[[ ENTRIES SHOWN open ]]

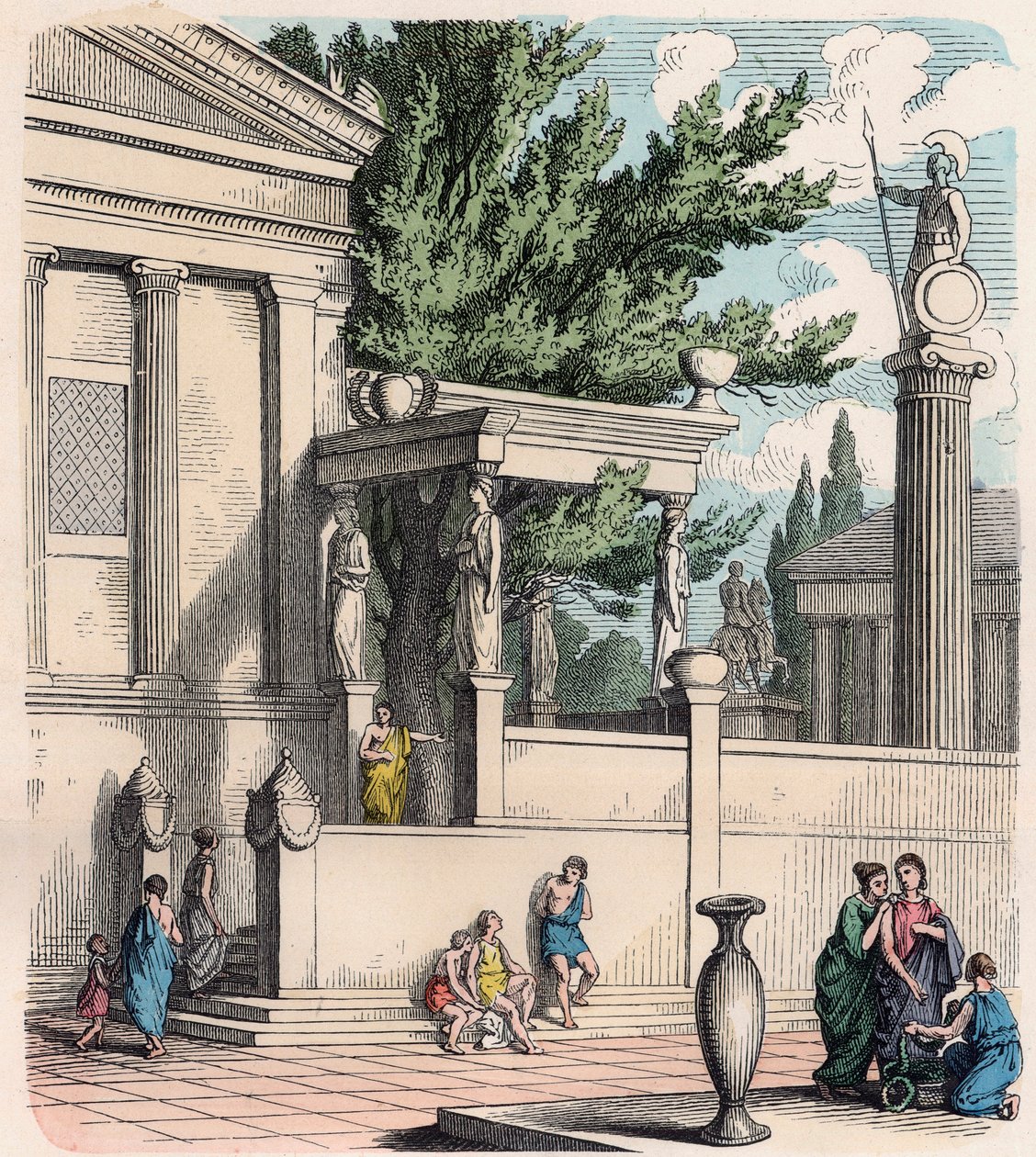 Antikes Griechenland: Der heilige Olivenbaum auf der Akropolis in Athen von Heinrich Leutemann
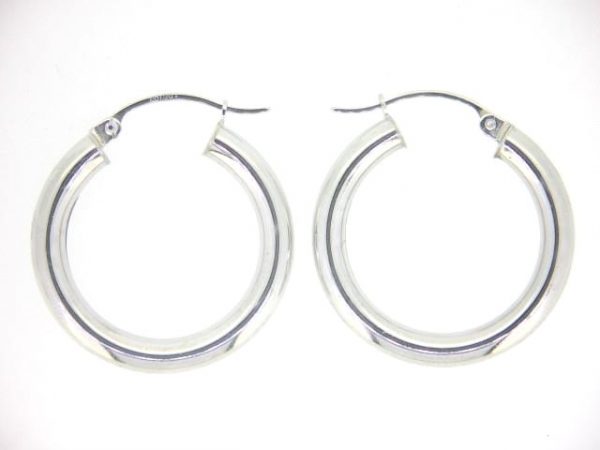 3MM Tube Hoop Earrings 10KT WG     *CLEARANCE-FINAL SALE*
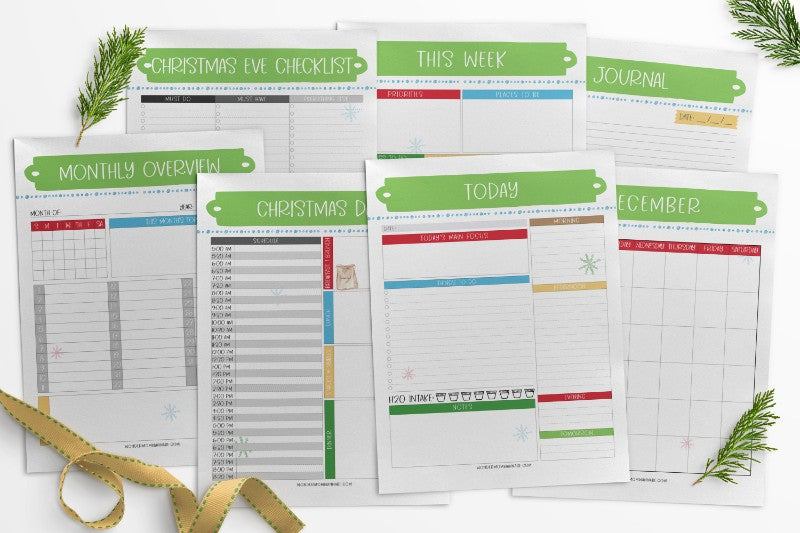 Printable The Most Wonderful Time of the Year Christmas Planner featuring a festive Christmas tree design from Wondermom Shop.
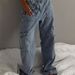 "Men's Distressed With Rolled Hem Pocket Details Relaxed Straight Fit, Washed Vintage Style Streetwear Fashion Polyester Blend Stretch"_mkmklike.com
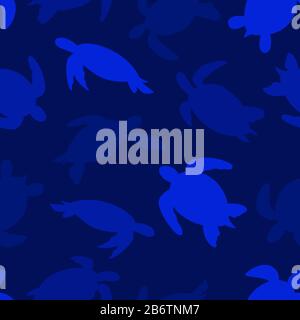 Turtle seamless pattern. Turtle silhouette vector background. For print, textile, web, home decor, fashion, surface, graphic design Stock Vector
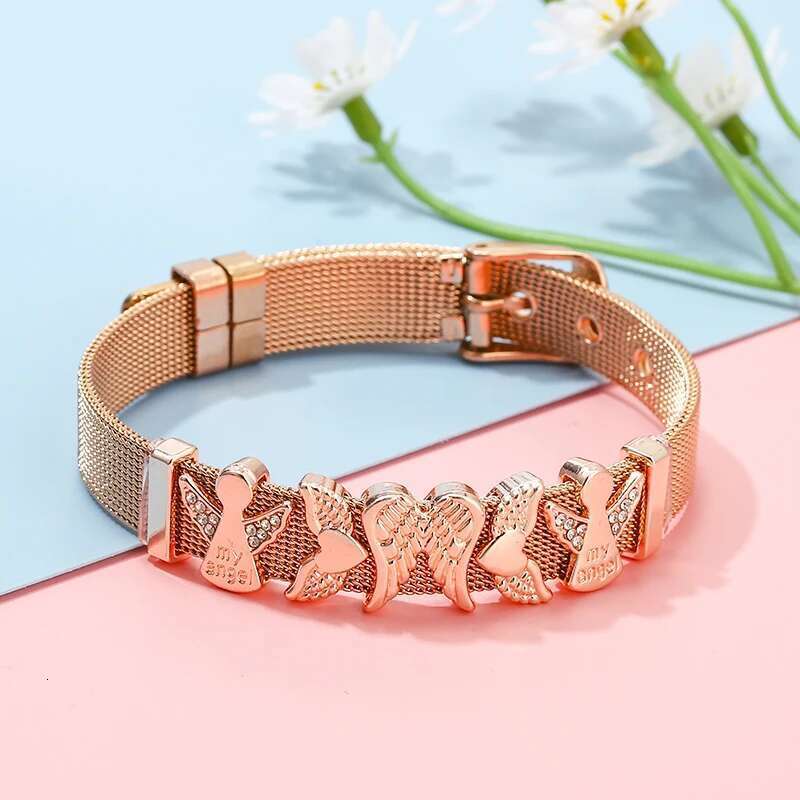 10mm Feather Fairy Beads Charm Bracelets DIY Stainless Steel Mesh Belt Bracelet Pulseras Mujer For Women Men Boy Jewelry Gift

[[ ENTRIES SHOWN closed ]]

▸ **TASK OBJECTIVE**
In the records above, locate the line containing "Turtle seamless pattern.", then copy exactly that line and every line after it through the end, omitting pictures.

▸ **ANSWER AREA**
 Turtle seamless pattern. Turtle silhouette vector background. For print, textile, web, home decor, fashion, surface, graphic design Stock Vector
 10mm Feather Fairy Beads Charm Bracelets DIY Stainless Steel Mesh Belt Bracelet Pulseras Mujer For Women Men Boy Jewelry Gift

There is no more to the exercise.